No espinhaço dos Andes, durante anos palco de acidentes, as descobertas estão ajudando a resolver mistérios. Cientistas dizem que o recuo do gelo é uma dádiva inesperada para quem anseia por olhar para trás no tempo.
"Parece que a tendência de aquecimento vista em muitas regiões está continuando", disse Gerald Holdsworth, glaciologista do Instituto Ártico da América do Norte, em Calgary, Alberta. "Ainda restam alguns grandes bancos de neve em lugares promissores, além de muitas geleiras de formatos, orientações e tamanhos diferentes, de modo que as descobertas ainda podem continuar por muito tempo."
Algumas descobertas acrescentaram pistas interessantes à história das migrações humanas, da dieta, da saúde e das origens étnicas, disse María Victoria Monsalve, patologista da Universidade da Columbia Britânica.
Ela disse que algumas das descobertas mais valiosas dos últimos anos incluem três múmias de crianças incas encontradas no pico do monte Llullaillaco, no norte da Argentina, e um homem congelado de 550 anos atrás encontrado por caçadores de carneiros no norte da Colúmbia Britânica. Múmias mais recentes também podem enriquecer o registro histórico. Em 2004, foram encontrados nos Alpes italianos os corpos bem conservados de três soldados em um local que foi palco de combates na Primeira Guerra Mundial.
Para a família de Rafael Pabón, a descoberta do corpo foi um alívio. Sua mãe, Yolanda Galindo de Pabón, 69, passara duas décadas atormentada com a dúvida sobre o que acontecera.
A descoberta pelo menos pôs fim a elas.
"Agora temos um corpo", disse. "Eu já posso visitar meu filho em seu túmulo e chorá-lo, como é o direito de qualquer mãe."
Alpinistas falam em tom de reverência das geleiras que guardam destroços de aviões de décadas atrás.

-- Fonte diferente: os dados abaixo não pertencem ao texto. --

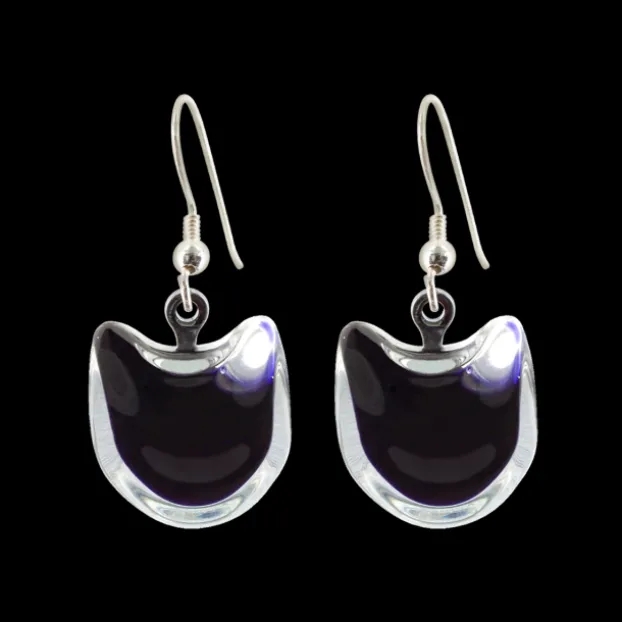 Boucles d'oreilles crochet en verre souffle - Chat Milk
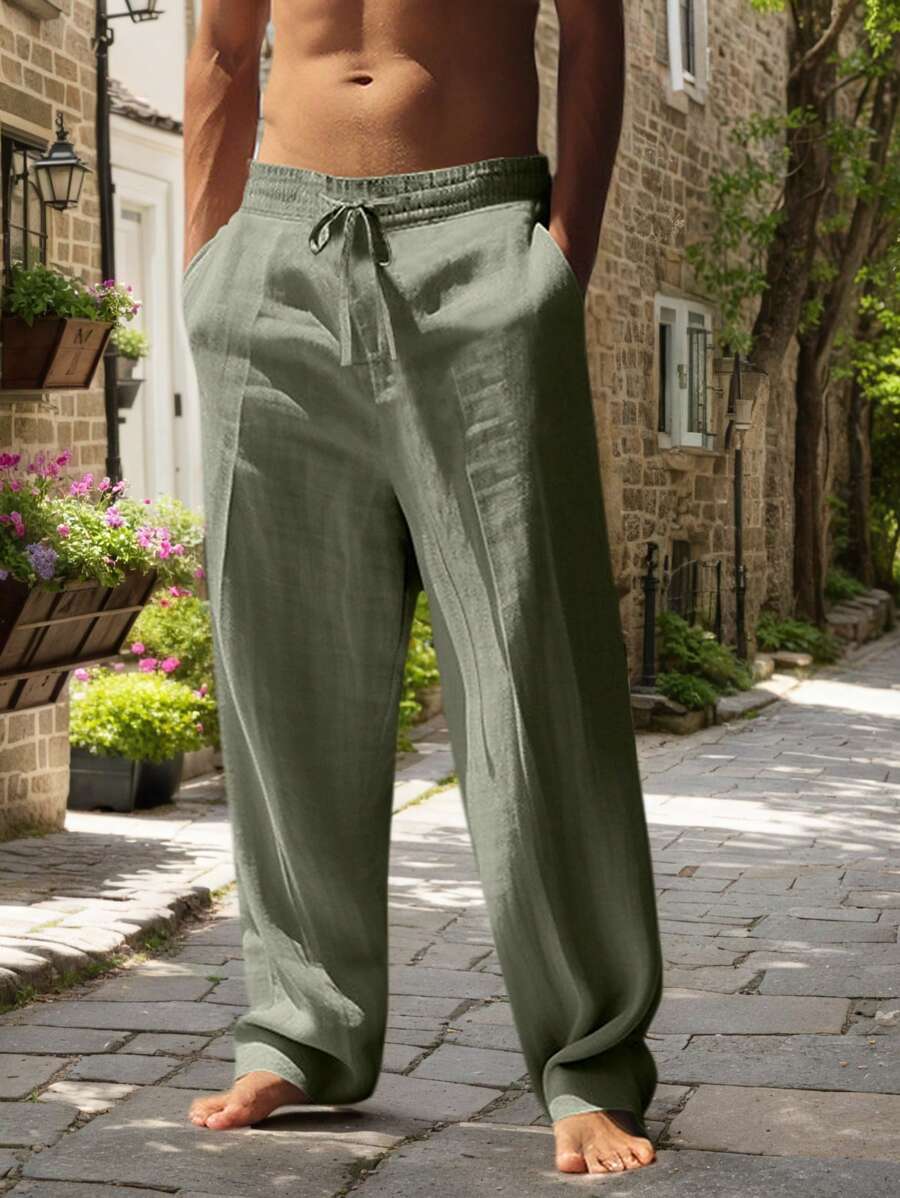 MATHIS | PANTALON LÉGER EN LIN AVEC CORDON - Vert militaire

Conscientes do que aconteceu em vários casos com quem ousou desafiar os picos da Bolívia, alguns guias se referem às montanhas, em tom de reverência, como "acachila", uma palavra da língua indígena aimará que pode ser traduzida aproximadamente como "espírito da terra" ou "tio".
"Os tios guardam muitos segredos", disse González, "assim como os cemitérios sob a sombra deles."